I have given thee a hint about what whaling is! do ye yet feel
inclined for it?"
"I do, sir."
"Very good. Now, art thou the man to pitch a harpoon down a live
whale's throat, and then jump after it? Answer, quick!"
"I am, sir, if it should be positively indispensable to do so; not
to be got rid of, that is; which I don't take to be the fact."
"Good again. Now then, thou not only wantest to go a-whaling, to
find out by experience what whaling is, but ye also want to go in
order to see the world? Was not that what ye said? I thought so.
Well then, just step forward there, and take a peep over the weather
bow, and then back to me and tell me what ye see there."
For a moment I stood a little puzzled by this curious request, not
knowing exactly how to take it, whether humorously or in earnest.
But concentrating all his crow's feet into one scowl, Captain Peleg
started me on the errand.
Going forward and glancing over the weather bow, I perceived that
the ship swinging to her anchor with the flood-tide, was now obliquely
pointing towards the open ocean. The prospect was unlimited, but
exceedingly monotonous and forbidding; not the slightest variety
that I could see.
"Well, what's the report?" said Peleg when I came back; "what did ye
see?"
"Not much," I replied- "nothing but water; considerable horizon
though, and there's a squall coming up, I think."

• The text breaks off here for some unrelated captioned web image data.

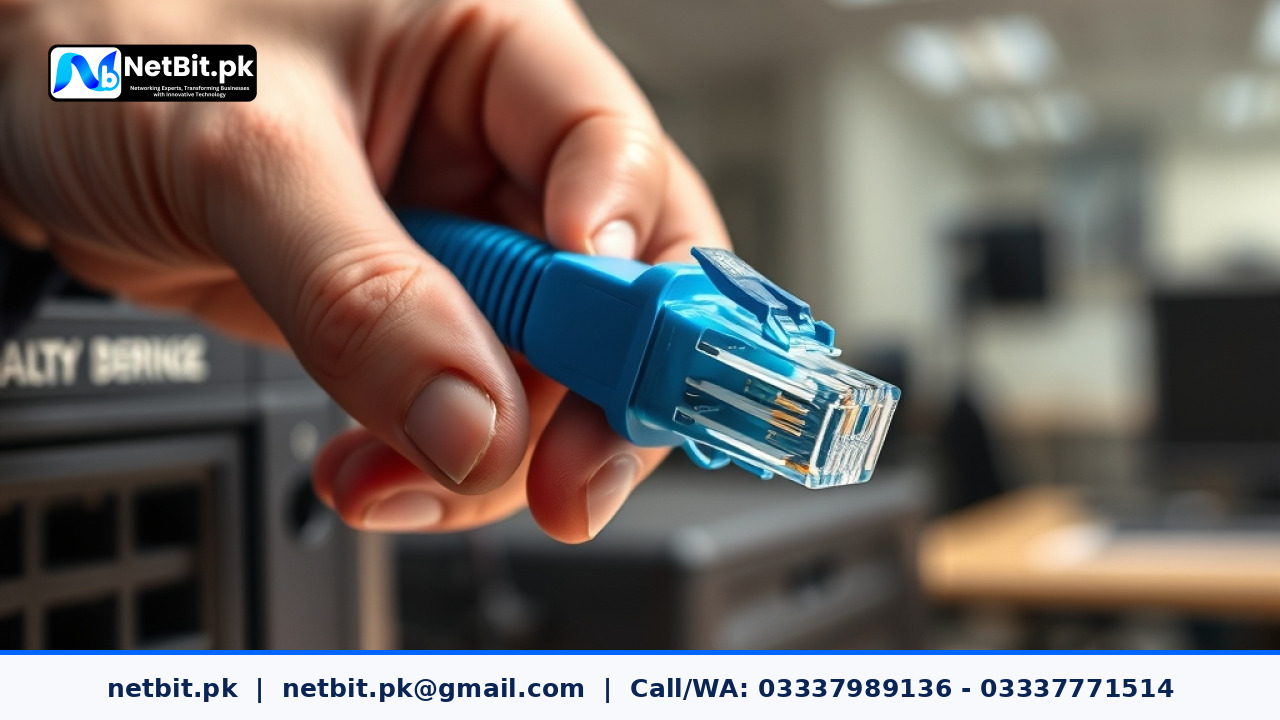 Close-up of a technician terminating and testing Cat6 cables for an office network | NetBit Software House and Technology | netbit.pk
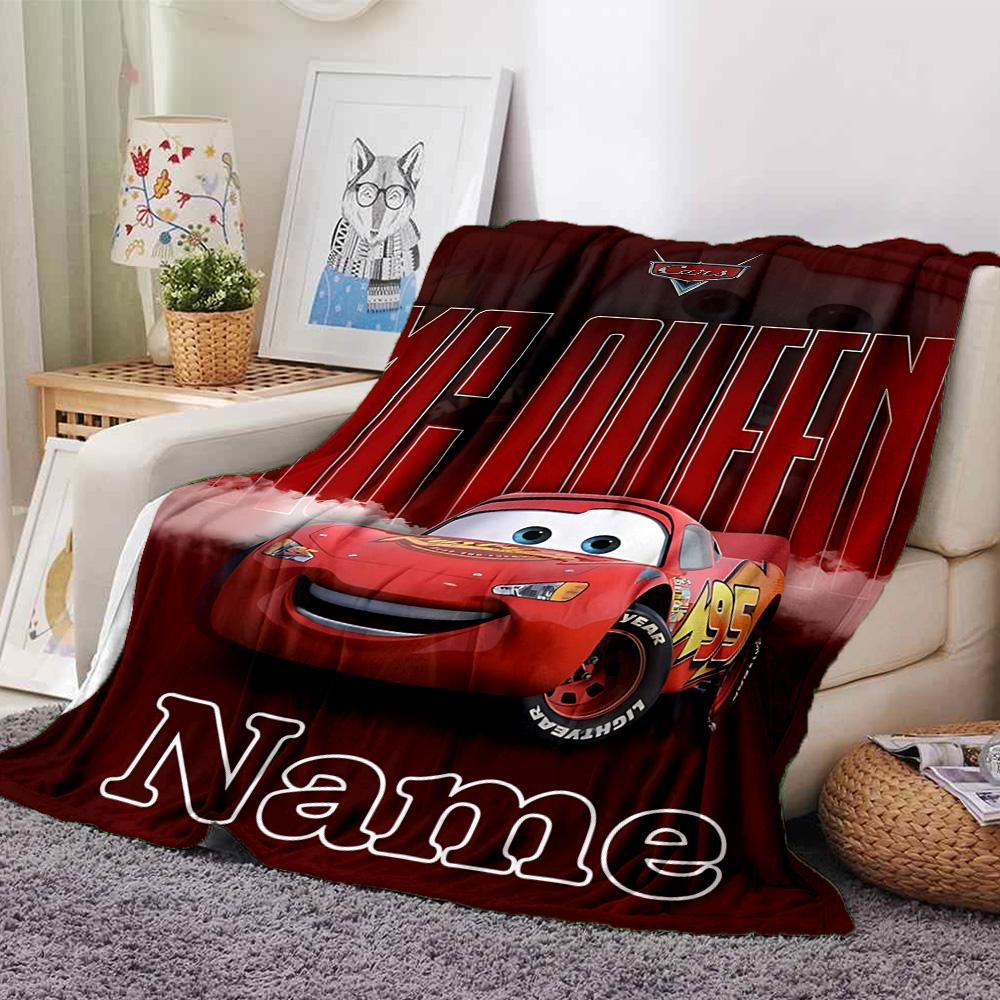 Custom Name Mcqueen Adventure Flannel Blanket for Super Soft Cute Comfort Blanket for Travel Bedding Couch Sofa Blanket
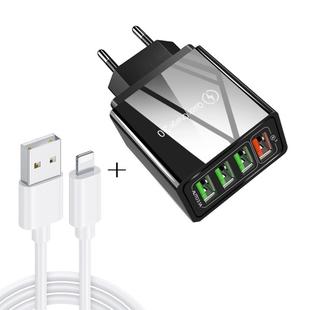 2 in 1 1m USB to 8 Pin Data Cable + 30W QC 3.0 4 USB Interfaces Mobile Phone Tablet PC Universal Quick Charger Travel Charger Set, EU Plug(Black)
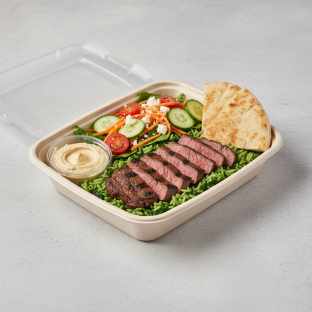 Grilled Steak and Spinach Rice With Salad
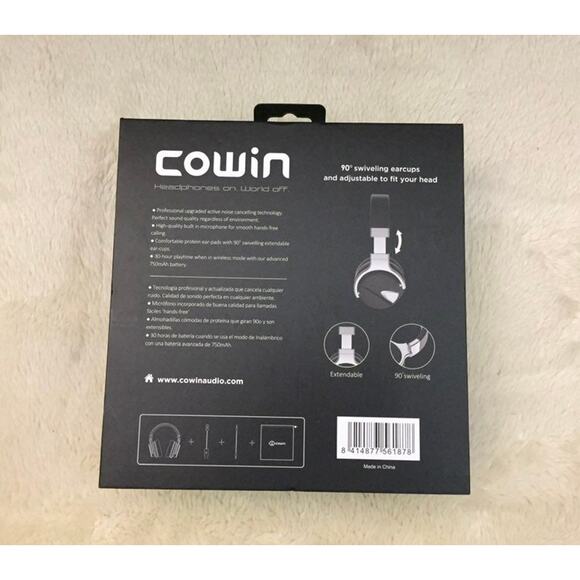 Cowin E7MR Wireless Active Noise Cancelling Over-Ear Headphones with Microphone - Picture 2 of 3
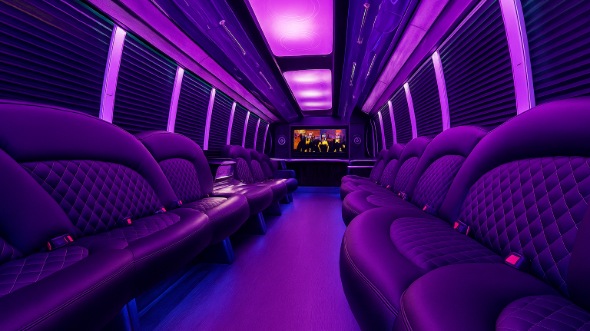 Interior of Foley Party Bus Company's 20 Passenger Party Bus in Foley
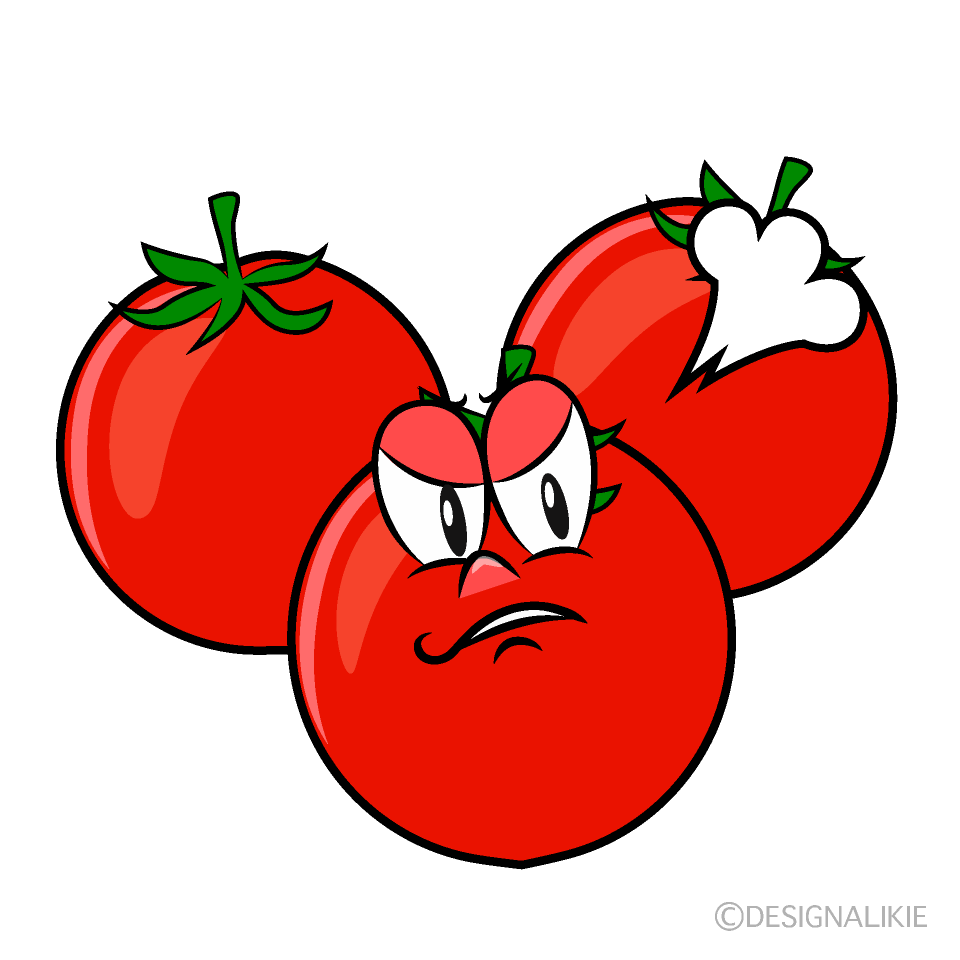 Angry Cherry Tomato Cartoon Character Image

"Well, what does thou think then of seeing the world? Do ye wish
to go round Cape Horn to see any more of it, eh? Can't ye see the
world where you stand?"
I was a little staggered, but go a-whaling I must, and I would;
and the Pequod was as good a ship as any- I thought the best- and
all this I now repeated to Peleg. Seeing me so determined, he
expressed his willingness to ship me.
"And thou mayest as well sign the papers right off," he added- "come
along with ye." And so saying, he led the way below deck into the
cabin.
Seated on the transom was what seemed to me a most uncommon and
surprising figure. It turned out to be Captain Bildad who along with
Captain Peleg was one of the largest owners of the vessel; the other
shares, as is sometimes the case in these ports, being held by a crowd
of old annuitants; widows, fatherless children, and chancery wards;
each owning about the value of a timber head, or a foot of plank, or a
nail or two in the ship. People in Nantucket invest their money in
whaling vessels, the same way that you do yours in approved state
stocks bringing in good interest.
Now, Bildad, like Peleg, and indeed many other Nantucketers, was a
Quaker, the island having been originally settled by that sect; and to
this day its inhabitants in general retain in an uncommon measure
peculiarities of the Quaker, only variously and anomalously modified
by things altogether alien and heterogeneous. For some of these same
Quakers are the most sanguinary of all sailors and whale-hunters. They
are fighting Quakers; they are Quakers with a vengeance.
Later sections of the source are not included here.